**PROBLEM**
What you return should match the data below exactly, with no pictures in it.

**DATA PROVIDED**
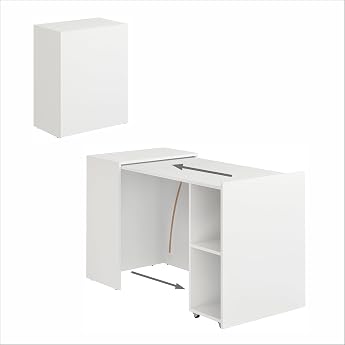 KOMTO Desk with Storage Space White - PC Table with 2 Shelves Computer Desk Office Table Folding Desk for Small Spaces Table FOLDY 128 x 60 x 75 cm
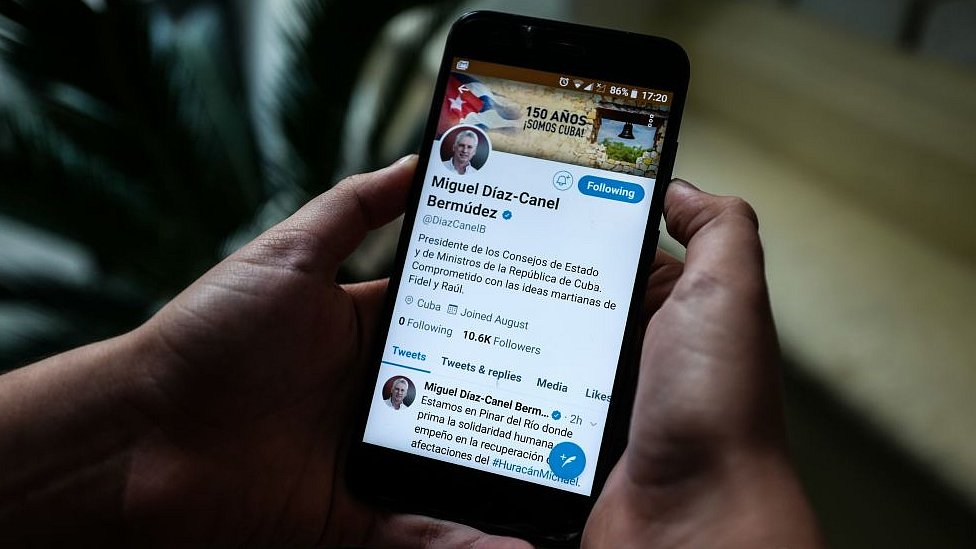 El presidente de Cuba, Miguel Díaz-Canel, utiliza Twitter con regularidad. Foto:Getty Images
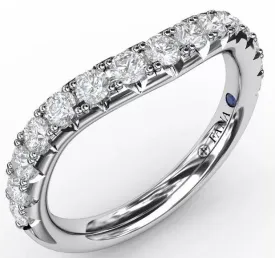 French Pavé Set Contour Diamond Band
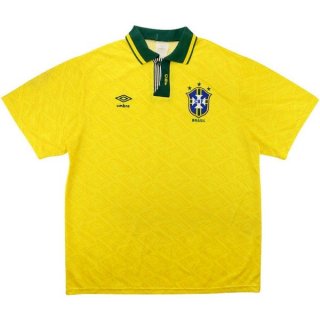 Maillot Brasil Domicile Retro 1991 1993 Jaune Pas Cher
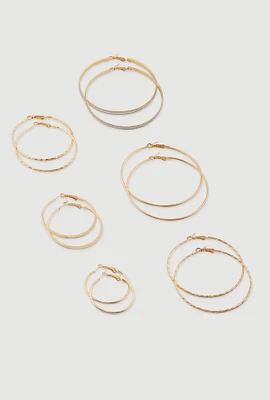 Womens Assorted Textured Hoop Earrings Set of 6, Gold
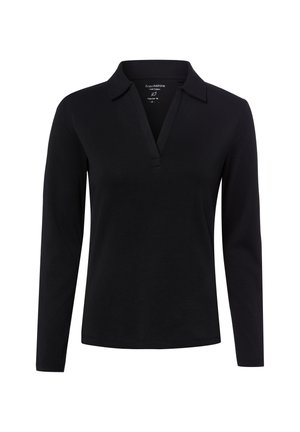 Polo nera a manica lunga con colletto e scollo a V, vestibilità regolare, realizzata in puro cotone, taglia piccola.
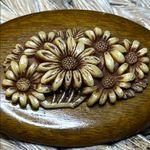 Vintage Floral Carved Celluloid Wooden Brooch Brown Photo 1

**EXERCISE RESULT**
 KOMTO Desk with Storage Space White - PC Table with 2 Shelves Computer Desk Office Table Folding Desk for Small Spaces Table FOLDY 128 x 60 x 75 cm
 El presidente de Cuba, Miguel Díaz-Canel, utiliza Twitter con regularidad. Foto:Getty Images
 French Pavé Set Contour Diamond Band
 Maillot Brasil Domicile Retro 1991 1993 Jaune Pas Cher
 Womens Assorted Textured Hoop Earrings Set of 6, Gold
 Polo nera a manica lunga con colletto e scollo a V, vestibilità regolare, realizzata in puro cotone, taglia piccola.
 Vintage Floral Carved Celluloid Wooden Brooch Brown Photo 1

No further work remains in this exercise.